Then about ten years ago I had some British in-laws over for a visit and a tour of the west. They were stunned at how many trees there are in America compared to Britain. And having been to Britain I didn't notice a severe shortage of trees.
See, now this is just the same thing as what I did to those swamp boys about their gators.
I don't know where y'all are from, but the logging industry here in the Rockies is all but gone... Regulated out of business. And it was those loggers and their equipment that was the bulwark against forest fires - the industry worked alongside of the Forest Service in a partnership in that regard.
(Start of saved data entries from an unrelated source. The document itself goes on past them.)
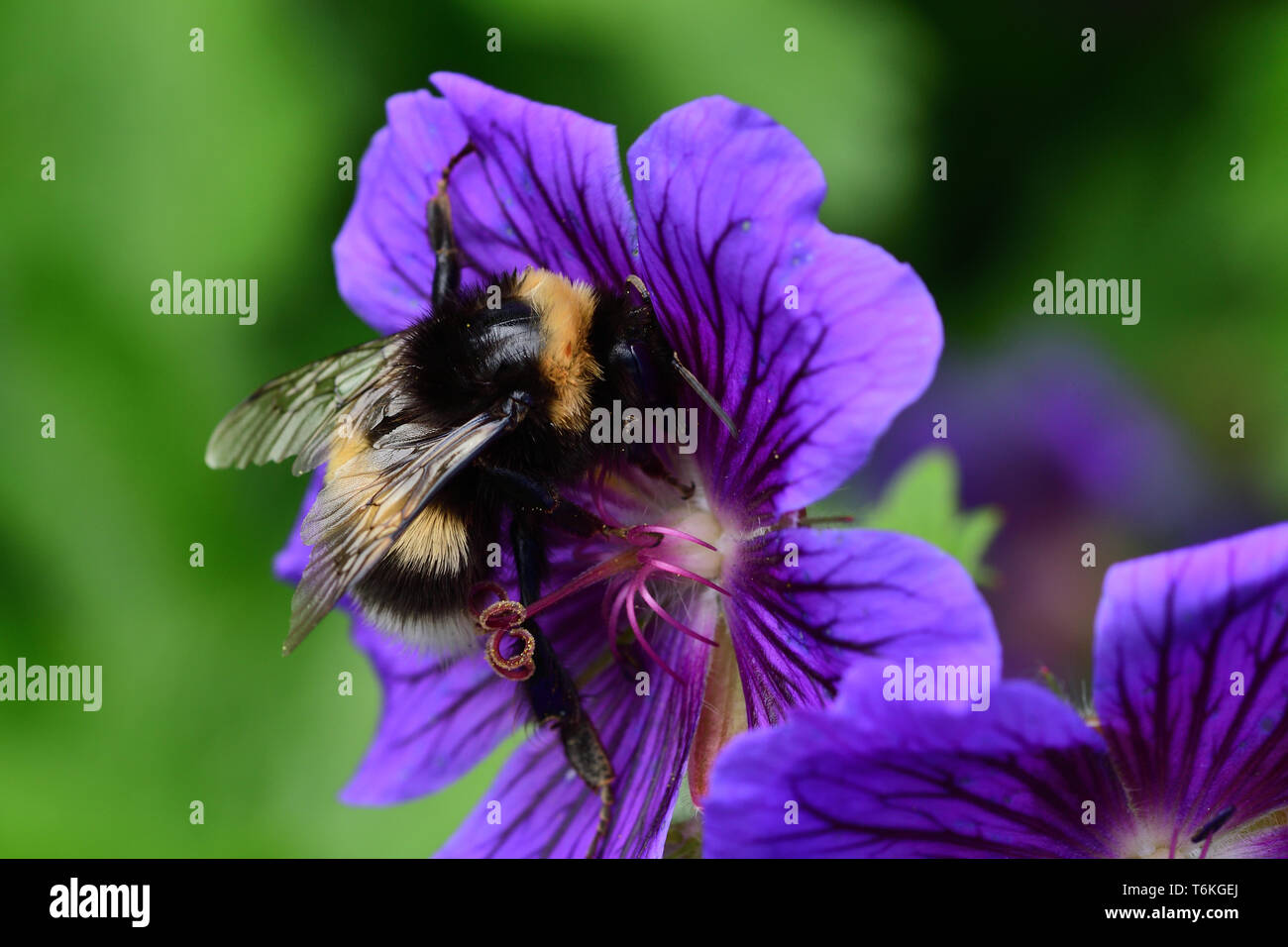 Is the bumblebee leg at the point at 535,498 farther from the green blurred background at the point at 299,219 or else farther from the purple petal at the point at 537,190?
the green blurred background at the point at 299,219

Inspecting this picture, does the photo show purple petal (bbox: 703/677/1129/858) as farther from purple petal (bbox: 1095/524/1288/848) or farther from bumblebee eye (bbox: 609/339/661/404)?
bumblebee eye (bbox: 609/339/661/404)

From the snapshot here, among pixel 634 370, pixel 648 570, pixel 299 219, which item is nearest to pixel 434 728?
pixel 648 570

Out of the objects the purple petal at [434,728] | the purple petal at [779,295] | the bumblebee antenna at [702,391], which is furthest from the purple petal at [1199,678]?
the purple petal at [434,728]

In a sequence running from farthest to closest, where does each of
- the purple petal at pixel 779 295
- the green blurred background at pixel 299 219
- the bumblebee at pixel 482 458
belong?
the green blurred background at pixel 299 219, the bumblebee at pixel 482 458, the purple petal at pixel 779 295

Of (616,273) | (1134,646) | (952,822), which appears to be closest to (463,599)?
(616,273)

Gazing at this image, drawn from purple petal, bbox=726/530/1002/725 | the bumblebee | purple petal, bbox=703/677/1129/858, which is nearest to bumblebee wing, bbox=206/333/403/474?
the bumblebee

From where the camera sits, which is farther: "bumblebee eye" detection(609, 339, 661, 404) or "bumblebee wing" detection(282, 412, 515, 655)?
"bumblebee eye" detection(609, 339, 661, 404) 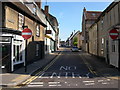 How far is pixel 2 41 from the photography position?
41.6 ft

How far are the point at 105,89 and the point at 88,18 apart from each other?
51.5m

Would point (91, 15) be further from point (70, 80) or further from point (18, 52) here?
point (70, 80)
Forest Service has air-power, smoke jumpers, and front-line firefighters, but they can't possibly front the sheer manpower and machinery the logging industry has in the field as a natural part of typical operations.
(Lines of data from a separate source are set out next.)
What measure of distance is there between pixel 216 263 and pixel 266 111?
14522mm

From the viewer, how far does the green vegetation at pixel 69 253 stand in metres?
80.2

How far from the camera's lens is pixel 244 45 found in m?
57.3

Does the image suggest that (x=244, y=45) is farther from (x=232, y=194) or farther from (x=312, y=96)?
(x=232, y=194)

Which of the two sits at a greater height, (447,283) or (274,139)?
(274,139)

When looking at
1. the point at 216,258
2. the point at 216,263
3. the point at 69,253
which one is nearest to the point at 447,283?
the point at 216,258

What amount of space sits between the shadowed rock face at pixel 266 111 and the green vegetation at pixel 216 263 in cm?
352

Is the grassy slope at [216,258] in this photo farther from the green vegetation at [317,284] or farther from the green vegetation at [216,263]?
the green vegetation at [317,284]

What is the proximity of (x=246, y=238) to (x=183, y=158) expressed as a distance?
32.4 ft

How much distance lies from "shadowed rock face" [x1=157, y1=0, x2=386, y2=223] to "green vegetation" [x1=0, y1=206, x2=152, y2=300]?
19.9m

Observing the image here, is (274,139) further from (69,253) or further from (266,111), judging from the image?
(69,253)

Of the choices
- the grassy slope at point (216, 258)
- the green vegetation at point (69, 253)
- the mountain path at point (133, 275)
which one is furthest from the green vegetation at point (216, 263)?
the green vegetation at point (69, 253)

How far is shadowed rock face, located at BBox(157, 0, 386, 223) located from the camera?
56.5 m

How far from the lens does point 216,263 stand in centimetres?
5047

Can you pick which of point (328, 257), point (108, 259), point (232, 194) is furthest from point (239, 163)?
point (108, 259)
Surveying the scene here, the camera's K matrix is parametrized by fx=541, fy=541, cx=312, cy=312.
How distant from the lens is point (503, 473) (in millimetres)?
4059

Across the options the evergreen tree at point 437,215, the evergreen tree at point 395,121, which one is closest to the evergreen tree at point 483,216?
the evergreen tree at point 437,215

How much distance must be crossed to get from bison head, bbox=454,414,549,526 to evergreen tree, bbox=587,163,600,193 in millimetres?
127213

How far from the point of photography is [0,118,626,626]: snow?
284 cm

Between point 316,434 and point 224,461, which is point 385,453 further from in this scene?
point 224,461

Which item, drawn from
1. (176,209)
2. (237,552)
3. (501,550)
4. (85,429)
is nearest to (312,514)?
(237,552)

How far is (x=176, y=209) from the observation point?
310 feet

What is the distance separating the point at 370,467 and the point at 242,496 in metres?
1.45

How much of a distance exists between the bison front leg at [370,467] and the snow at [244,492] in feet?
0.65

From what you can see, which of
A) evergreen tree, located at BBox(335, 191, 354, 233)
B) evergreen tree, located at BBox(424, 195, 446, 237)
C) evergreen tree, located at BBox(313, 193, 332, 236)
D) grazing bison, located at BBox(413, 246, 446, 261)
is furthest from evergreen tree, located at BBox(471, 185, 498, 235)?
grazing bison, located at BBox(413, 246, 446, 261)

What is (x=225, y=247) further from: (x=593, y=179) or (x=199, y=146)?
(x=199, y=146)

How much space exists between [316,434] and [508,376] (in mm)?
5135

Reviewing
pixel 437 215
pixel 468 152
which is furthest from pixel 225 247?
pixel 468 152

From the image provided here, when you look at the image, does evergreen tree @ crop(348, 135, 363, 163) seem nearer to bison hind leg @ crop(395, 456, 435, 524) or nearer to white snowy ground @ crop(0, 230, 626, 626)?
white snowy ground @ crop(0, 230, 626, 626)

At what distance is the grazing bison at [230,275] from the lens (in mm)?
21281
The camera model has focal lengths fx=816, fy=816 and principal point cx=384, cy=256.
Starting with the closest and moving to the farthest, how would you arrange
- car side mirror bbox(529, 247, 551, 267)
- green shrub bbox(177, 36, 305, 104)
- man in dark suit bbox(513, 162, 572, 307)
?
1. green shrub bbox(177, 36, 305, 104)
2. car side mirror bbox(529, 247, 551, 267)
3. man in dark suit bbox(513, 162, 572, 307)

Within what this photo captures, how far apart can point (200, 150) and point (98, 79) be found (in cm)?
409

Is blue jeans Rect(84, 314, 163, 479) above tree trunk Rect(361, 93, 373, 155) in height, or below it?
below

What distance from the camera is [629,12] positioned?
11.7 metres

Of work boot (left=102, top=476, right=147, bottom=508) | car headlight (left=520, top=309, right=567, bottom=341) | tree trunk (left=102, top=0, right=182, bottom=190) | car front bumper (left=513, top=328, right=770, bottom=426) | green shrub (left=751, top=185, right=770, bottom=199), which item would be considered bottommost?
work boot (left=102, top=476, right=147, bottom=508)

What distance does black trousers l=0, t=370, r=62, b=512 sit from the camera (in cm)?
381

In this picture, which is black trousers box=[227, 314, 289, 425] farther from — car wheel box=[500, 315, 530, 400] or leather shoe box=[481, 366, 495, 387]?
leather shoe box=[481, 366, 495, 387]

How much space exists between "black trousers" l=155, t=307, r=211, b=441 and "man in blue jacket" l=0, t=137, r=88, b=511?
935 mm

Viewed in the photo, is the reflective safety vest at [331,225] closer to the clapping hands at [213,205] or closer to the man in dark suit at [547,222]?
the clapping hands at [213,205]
If you want a firebreak, the difference between what firefighters alone can do, when compared to those firefighters assisted by a couple D9/D8 cats, a handful of D6 cats, a half dozen skidders, 20 sawyers, and as many knot-bumpers and diggers as you care to have - All specifically trained to do those exact jobs as part of their every day lives and familial/cultural tradition - There really is no comparison at all.
And the scope of things... I don't think folks have any idea how big it is out here... We routinely lose two-hundred and fifty-thousand acres to fire every summer. That's a quarter million acres, now... And you can't really even tell it even happened unless you get up close and personal. Logging, by comparison, is a pittance.
Furthermore, I don't think folks know how quickly it all comes back - I worked road building for a big cut thirty years ago. If you were to go up through that land today, I would defy you to even find evidence at all that it had ever been cut... In fact, it is more than ready to be logged again, and judging by the thick brush up in there, if it isn't logged soon, it'll all burn down anyway.
But it's all gated off now - can't hardy get off the main road. The big cats are all but gone, logging trucks have been decimated. trying to find public land where you can take a four-wheeler or a snow machine is getting very scarce. and yes, it is liberal policies regulating it all.
But it's dumbasses like me that gave them that power. What I did to the Cajuns with those gators, someone else is doing to me. Between locked-out logging, griz protection, wolf protection, eagle flyways, wetland protection and etcetera-ad-infinitum, the king's land is no longer legal for me to use, and it's only getting worse. Soon enough they'll find a reason to ban horses, and even walking in.
What it comes down to is staying out of other people's business - as is always the best course toward liberty - but more on a regional basis... staying out of all y'all's business. That's the beauty of state sovereignty. Me and mine ain't got any business messin with the Big Swamp, rightly so... Folks that live in the swamp know better than we do... And the same thing the other way around.